Photograph: Amanda Rose / Alamy

Ahead of next week’s Spring Budget the NFU has written to Chancellor Jeremy Hunt, urging the government to deliver support for farm businesses to help deal with increasing volatility and build stability.

NFU President Tom Bradshaw said it is “vital that our country’s food producers have the business confidence to continue producing climate-friendly, nutritious food long-term”.

Farm input costs are up 32% from 2019 with this year marking a 50% reduction in direct support payments for farmers. This, combined with more regular and severe weather events, makes for a “challenging economic backdrop” Tom said.

What are the NFU’s key asks?

Prioritise Environment Agency funding for flood defences

Following the impacts of Storms Babet and Henk, vast areas of productive farmland have been left under water resulting in huge financial stress and misery for farmers and growers.

It stems from a failure by successive governments, despite significant increases in spending, to provide sufficient budget that addresses the scale of challenges of managing watercourses and improving and maintaining our flood defences.

The NFU is concerned that the current government approach to managing flood risk does not recognise the importance of maintaining existing flood defences which, if in better condition, could better accommodate regular extreme rainfall events and allow for swifter recovery from flooding on agricultural land.

Extend IETF to the poultry sector

Last year, the government said ‘controlled environment horticulture’ would be eligible for phase three of the IETF (Industrial Energy Transformation Fund) which opened for applications at the end of January. 

A long-standing NFU lobbying ask, it means that glasshouses will be eligible for a higher tier of government support targeted at high energy use industries.

However, the NFU remains extremely disappointed over the lack of support for poultry production – another sector that is energy intensive – where ongoing, soaring production costs are putting producers under immense pressure.

Without profitability built into farm businesses to create some certainty ahead, it is very difficult for farmers and growers to invest in the future.”

NFU President Tom Bradshaw

Development of future agricultural budget

The NFU remains grateful to this government for protecting the agricultural budget in the current parliament.

While specific spending decisions beyond 2024 will be a decision for the next government, the Treasury must begin work on a multi-annual framework which values, and funds, the delivery of environmental, productivity and stability improvements to underpin a resilient and sustainable agricultural sector in the years ahead.

To that end, the NFU has commissioned the fully independent Andersons Centre to model the public funding required to deliver the government’s statutory environmental and broader policy ambitions for agriculture in England over the 2024 to 2029 period, structured around our three agricultural policy cornerstones.

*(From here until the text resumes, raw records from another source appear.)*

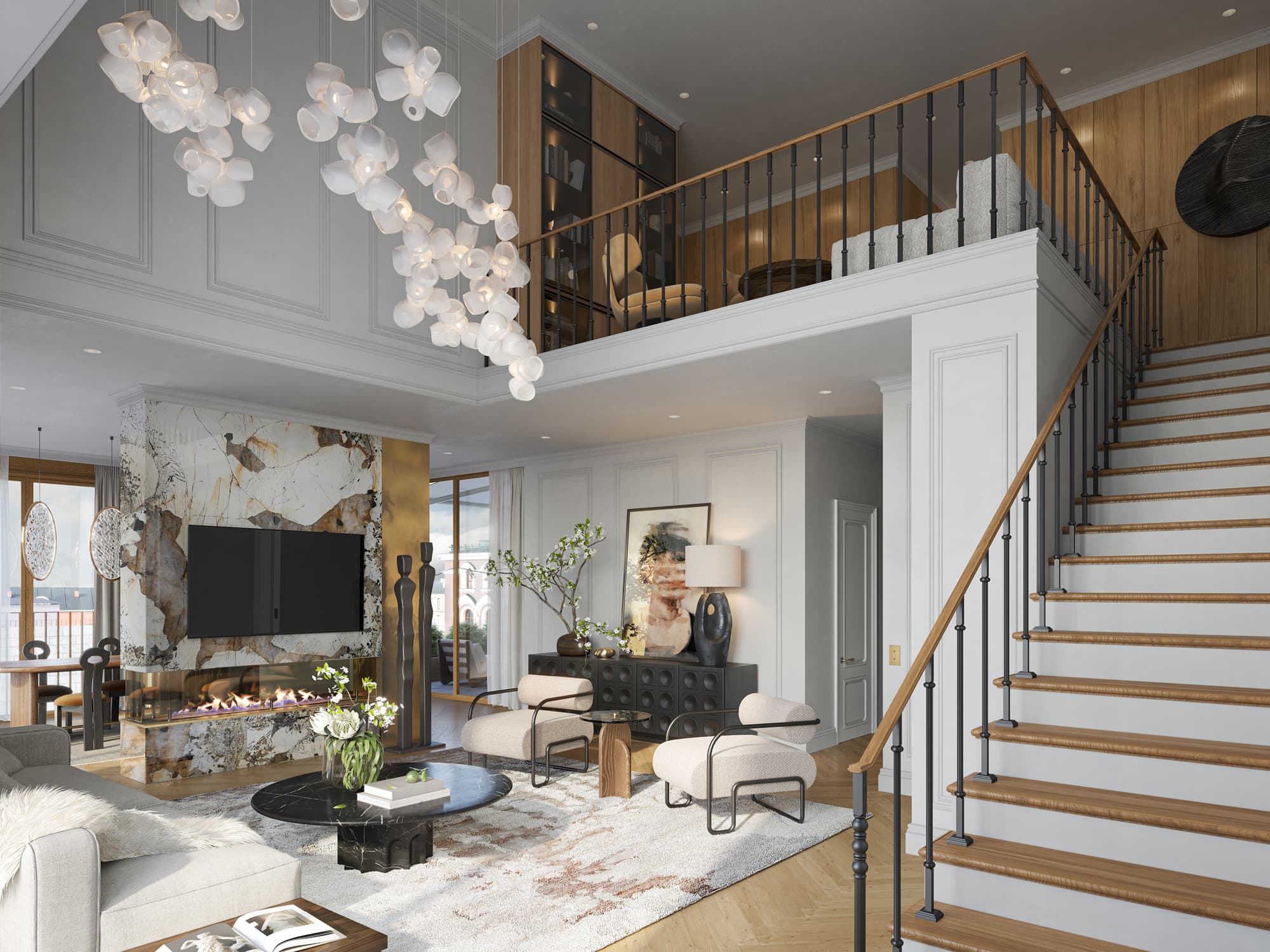 резиденция 4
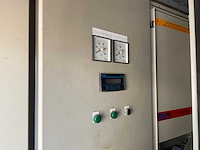 Bentec partij besturingskasten in container - afbeelding 5 van  7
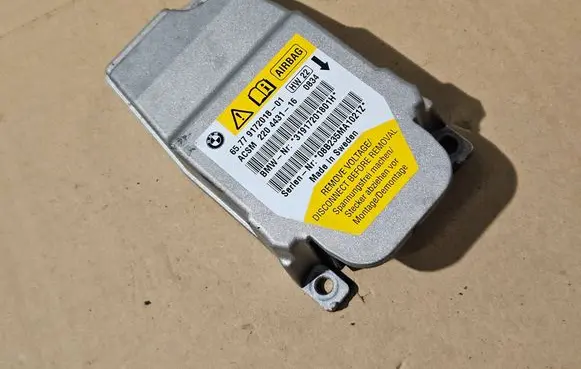 BMW 5 E60 E61 Airbag control unit/module 9172018 220443116 31917201801H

As outlined in our general election manifesto, the research indicates that an annual agricultural budget for England of around £4 billion would support the delivery of a balanced agricultural policy which underpins global competitiveness.

Clarity on ELMs and Tax

The NFU has reiterated its ask for HM Treasury to remove the uncertainty over the tax treatment of agricultural land entered into environmental schemes, especially the government’s own ELMs (Environment Land Management schemes).

We gathered views from our members and responded to the consultation on APR, stating that the government must remove this uncertainty – or risk undermining the confidence in and uptake of these schemes, as well as the government’s own environmental ambitions.

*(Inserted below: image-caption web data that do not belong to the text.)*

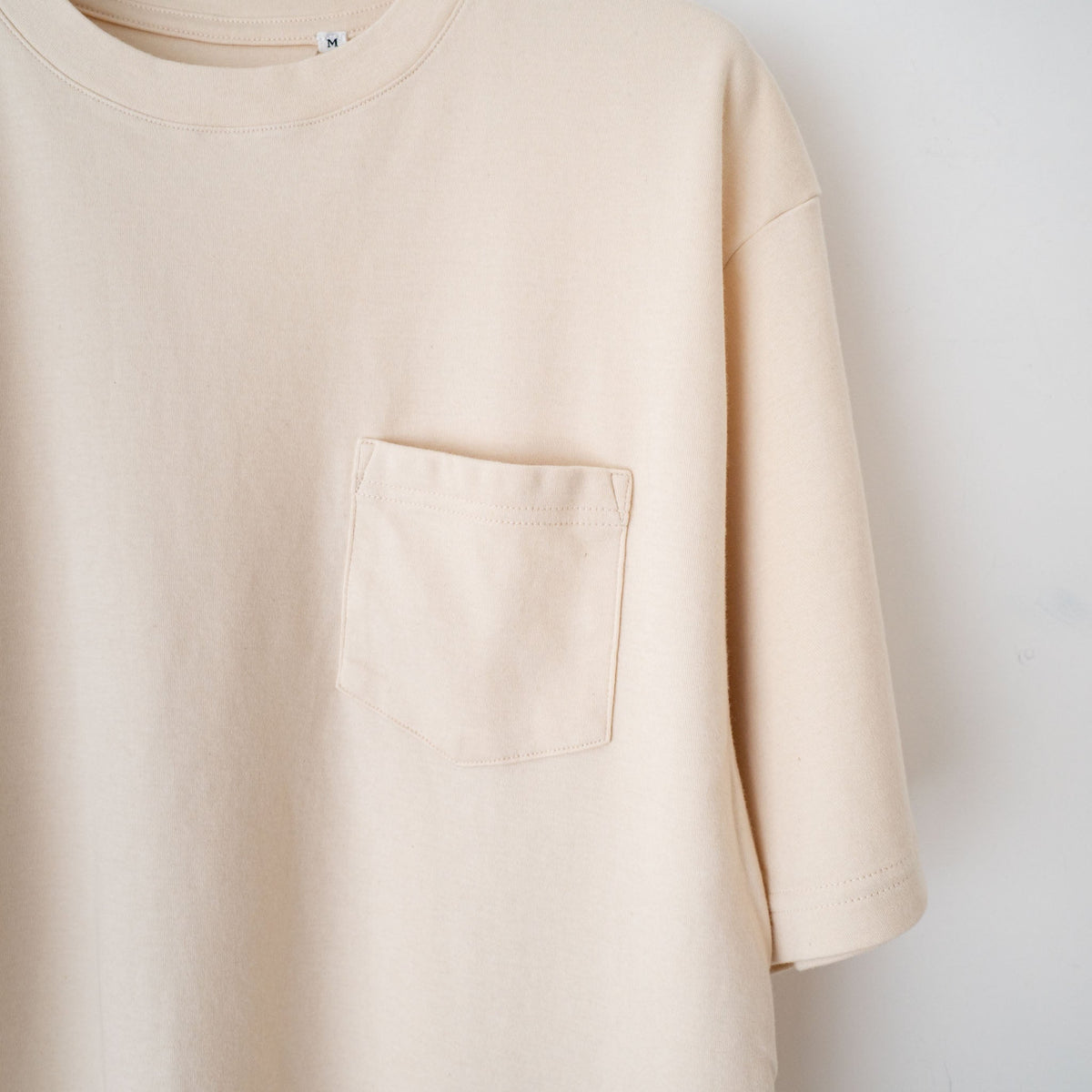 THE INOUE BROTHERS... /UNISEX　STANDARD POCKET T-SHIRT - haus-netstore
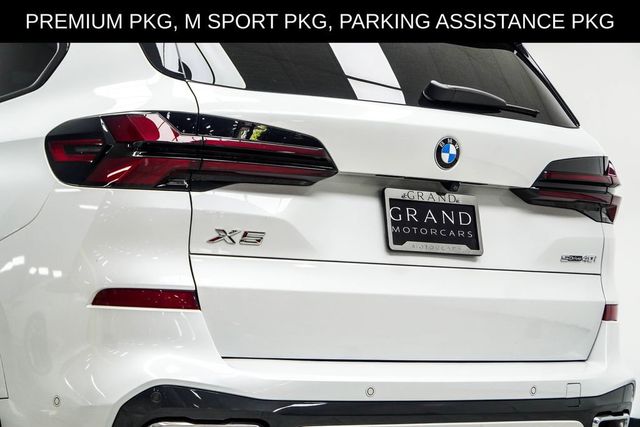 2024 BMW X5 sDrive40i Sports Activity Vehicle - 23045775 - 12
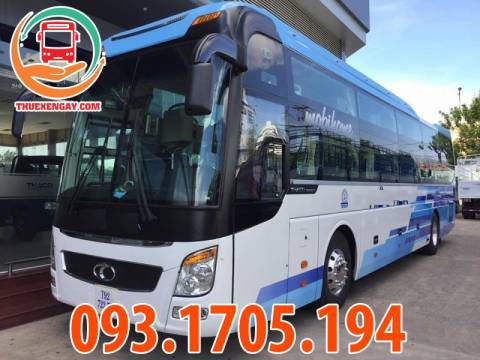 Thuê xe du lịch giường nằm TPHCM - Nam Du 2N2D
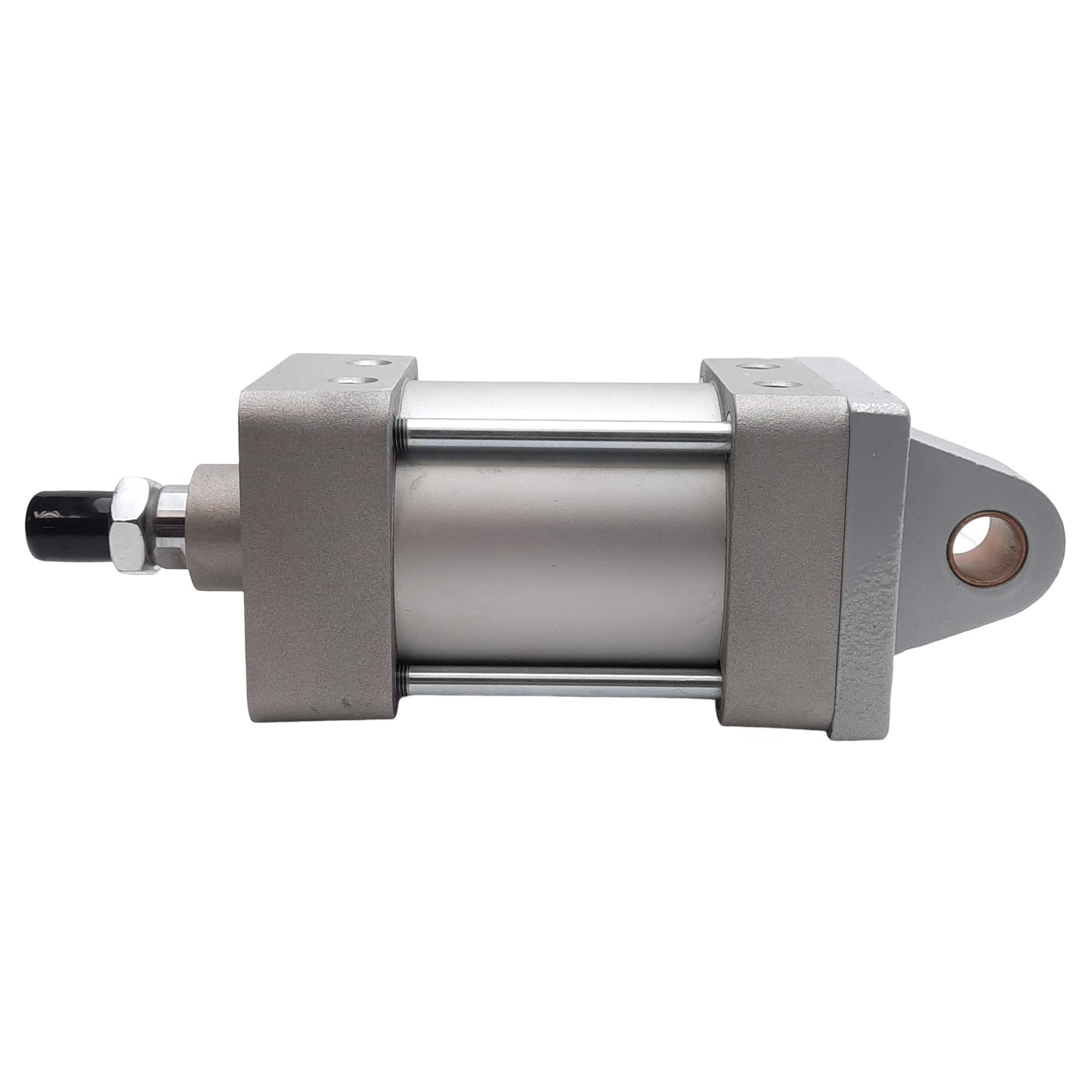 New SMC NCA1C325-0200-XB6 Heat Resistant Cylinder, ø3.25in Bore, 2in Stroke, 300°F
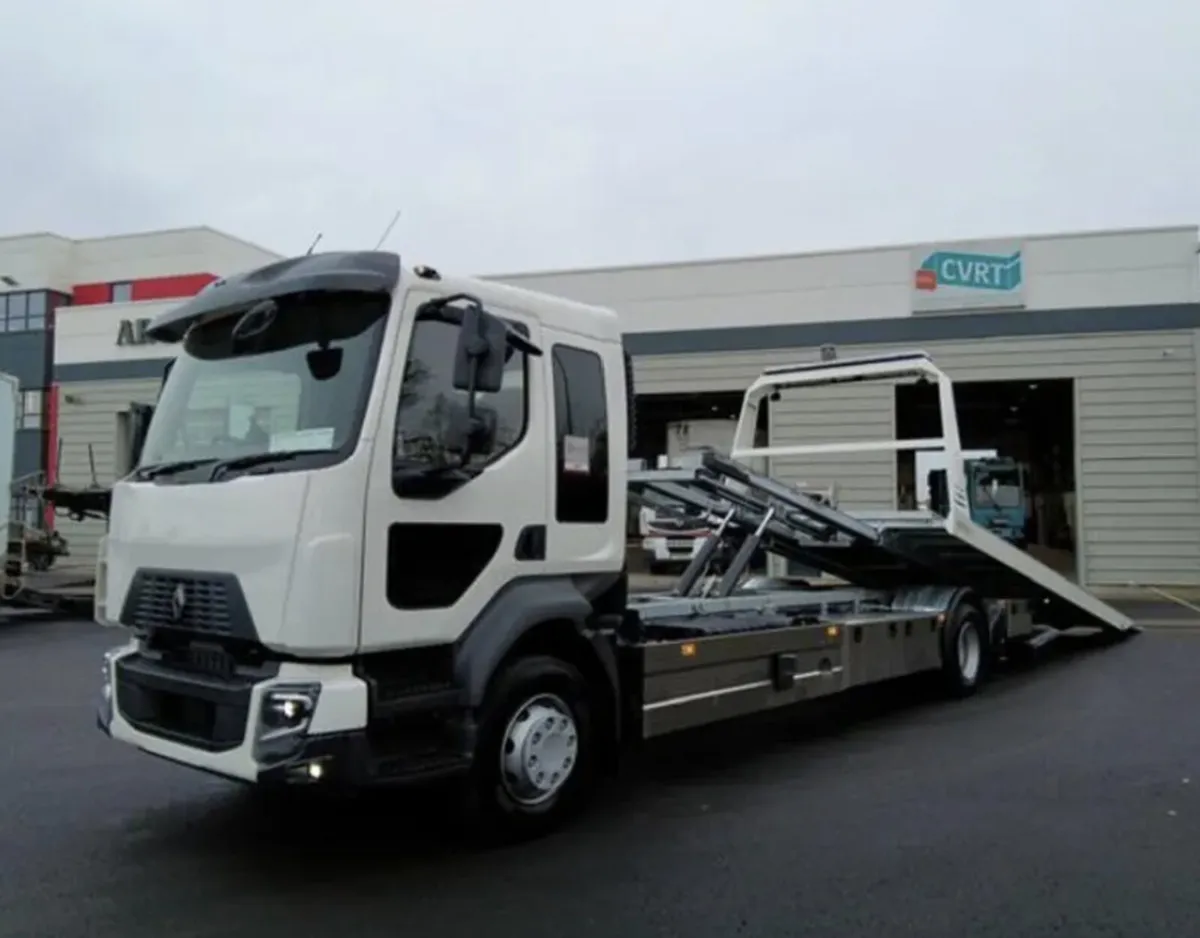 RENAULT D RANGE 16T - Image 2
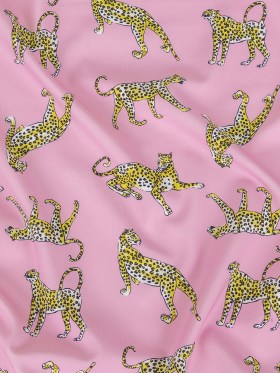 Compression Swimwear Tricot, UV Protective with Aloe Vera Microcapsules – Cradle Pink Cheetahs – Caye Collection Compression Swimwear Tricot, UV Protective with Aloe Vera Microcapsules – Cradle Pink Cheetahs – Caye Collection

Profitability must be built into businesses

In addition, the NFU is also calling for the introduction of enhanced capital allowances to incentivise investment in a range of low-carbon capital investments and a further round of the Rural England Prosperity Fund to support rural businesses.

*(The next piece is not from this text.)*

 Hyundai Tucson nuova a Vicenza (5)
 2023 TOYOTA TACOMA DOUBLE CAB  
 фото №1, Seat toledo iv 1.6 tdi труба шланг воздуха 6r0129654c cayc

“First and foremost, farms are businesses there to produce food for the nation,” NFU President Tom Bradshaw said, adding that “without profitability built into farm businesses to create some certainty ahead, it is very difficult for farmers and growers to invest in the future”.

“But fundamentally this is exactly what they must do to if we are to secure food production to feed people both here and for growing markets overseas.”

Tom said the budget marked an opportunity for the Chancellor “to take actions that will boost business confidence in the UK’s food and farming industry”.

“By enhancing capital allowances to incentivise green investment, ensuring the Environment Agency is properly funded to limit flooding and developing a future agricultural budget he will be able to ensure the UK farming industry is a resilient and sustainable sector for years to come.”